Step C7: We identify steps that could be taken to mitigate the identified risks
The steps that could be taken to mitigate the risk of illegality depend on which areas were identified as being at risk of legal breach. The risk mitigation recommendations include advice on how to work out if the identified risk is present in a supply chain, where the risk is present, and what to do to control that risk. Some risks can be verified as being legal by a field visit to the harvesting sites. Other risks can be verified as being legal based on document control. Risk mitigation is required by both the EUTR and the Australian Illegal Logging Prevention Act. For the purposes of FSC Controlled Wood, the mitigation measures included in FSC risk assessments are not mandatory, unless otherwise stated in these documents.
D. We check, summarise and translate the risk assessments and submit to FSC for approval
Some risk assessments were conducted in a local language up until this point. For these assessments, we translate the risk assessments into English at this stage. We then edit the risk assessments to make sure the language is clear and understandable.

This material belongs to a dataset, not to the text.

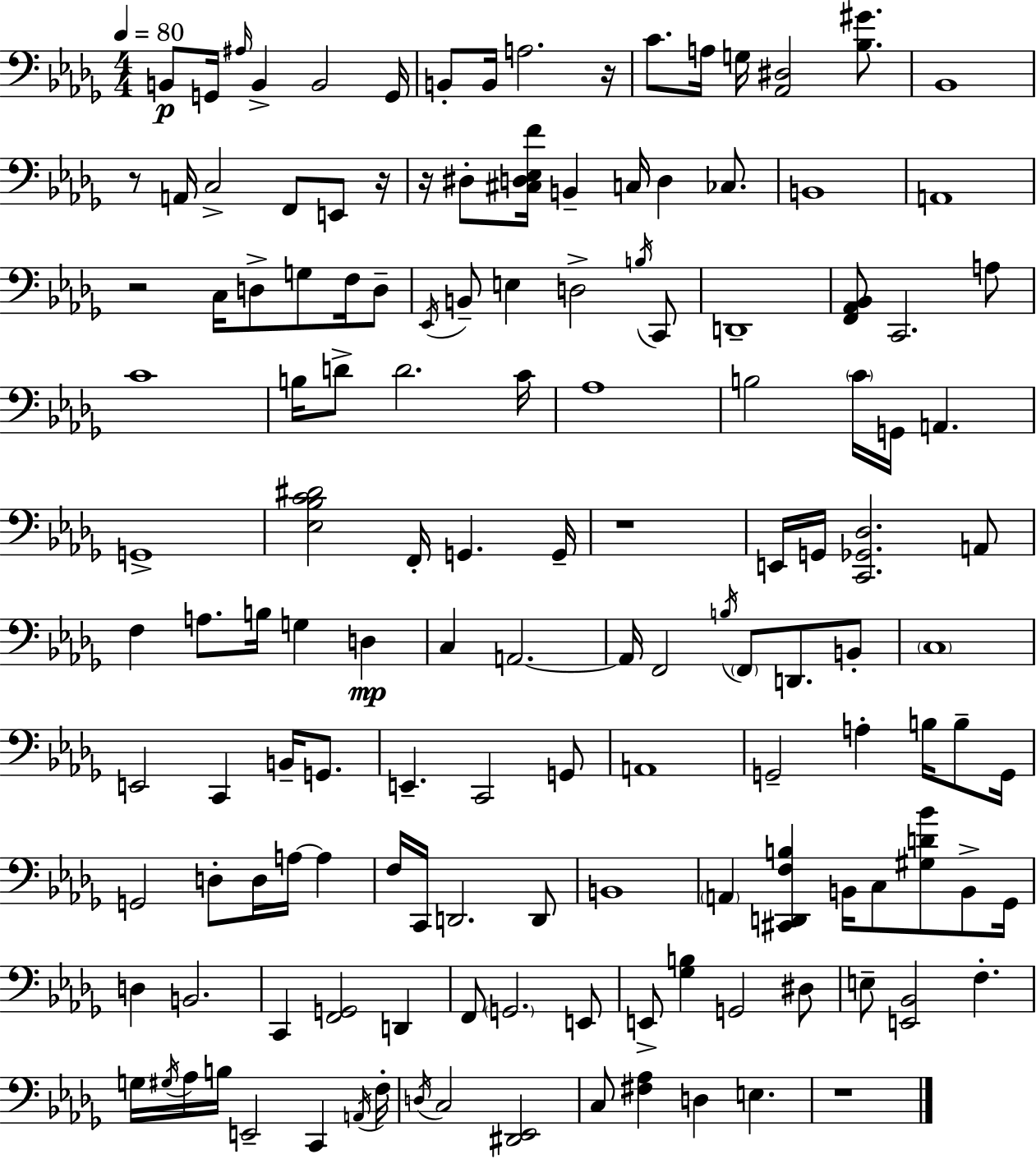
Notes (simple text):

B2/e G2/s A#3/s B2/q B2/h G2/s B2/e B2/s A3/h. R/s C4/e. A3/s G3/s [Ab2,D#3]/h [Bb3,G#4]/e. Bb2/w R/e A2/s C3/h F2/e E2/e R/s R/s D#3/e [C#3,D3,Eb3,F4]/s B2/q C3/s D3/q CES3/e. B2/w A2/w R/h C3/s D3/e G3/e F3/s D3/e Eb2/s B2/e E3/q D3/h B3/s C2/e D2/w [F2,Ab2,Bb2]/e C2/h. A3/e C4/w B3/s D4/e D4/h. C4/s Ab3/w B3/h C4/s G2/s A2/q. G2/w [Eb3,Bb3,C4,D#4]/h F2/s G2/q. G2/s R/w E2/s G2/s [C2,Gb2,Db3]/h. A2/e F3/q A3/e. B3/s G3/q D3/q C3/q A2/h. A2/s F2/h B3/s F2/e D2/e. B2/e C3/w E2/h C2/q B2/s G2/e. E2/q. C2/h G2/e A2/w G2/h A3/q B3/s B3/e G2/s G2/h D3/e D3/s A3/s A3/q F3/s C2/s D2/h. D2/e B2/w A2/q [C#2,D2,F3,B3]/q B2/s C3/e [G#3,D4,Bb4]/e B2/e Gb2/s D3/q B2/h. C2/q [F2,G2]/h D2/q F2/e G2/h. E2/e E2/e [Gb3,B3]/q G2/h D#3/e E3/e [E2,Bb2]/h F3/q. G3/s G#3/s Ab3/s B3/s E2/h C2/q A2/s F3/s D3/s C3/h [D#2,Eb2]/h C3/e [F#3,Ab3]/q D3/q E3/q. R/w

Risk assessments that were funded by and done for FSC are sent out for the formal FSC public stakeholder consultation, conducted either by the FSC national partner or FSC International. Other risk assessments (Non-FSC funded) include a more thorough stakeholder consultation as part of the drafting process. NEPCon’s senior legality experts then review the risk assessments for the final quality assurance check.
We submit risk assessment done for FSC to FSC, where it undergoes quality review, and is approved accordingly. Upon approval, FSC publishes the risk assessments on FSC Document Center.

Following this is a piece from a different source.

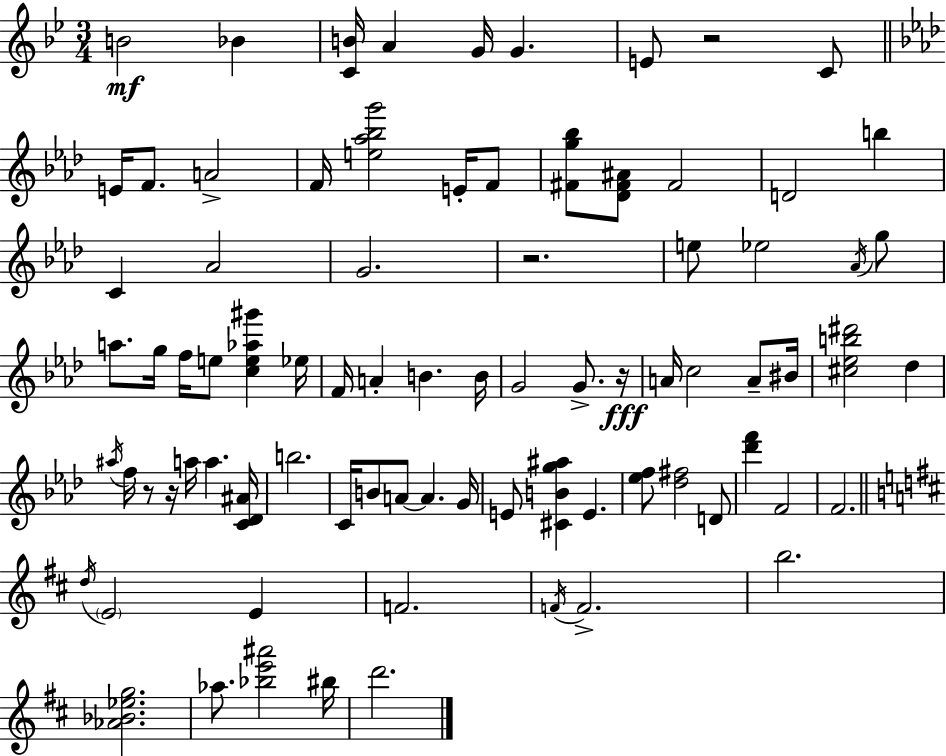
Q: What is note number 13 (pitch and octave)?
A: F4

E. We publish the risk assessments and invite further feedback
We publish the risk assessments on www.nepcon.org/sourcinghub
Original FSC risk assessments are published on FSC Document Center.
We are always looking for input and feedback on our risk assessment. If you have comments on any of the risk assessments, including the legislation mentioned, the risk conclusions, or feel that there are risks or mitigation measures that we have got wrong or overlooked, please get in touch with us either via the feedback form on the NEPCon Sourcing Hub or directly by email at sourcinghub@nepcon.org We will update the risk assessments with any new information that we receive and can verify.
We view the risk assessments as living documents, always needing further evidence, information and updates. We hope you will partner with us to make them as useful and relevant possible.
We are seeking funding to both expand the number of countries we cover and to keep the risk assessments up to date.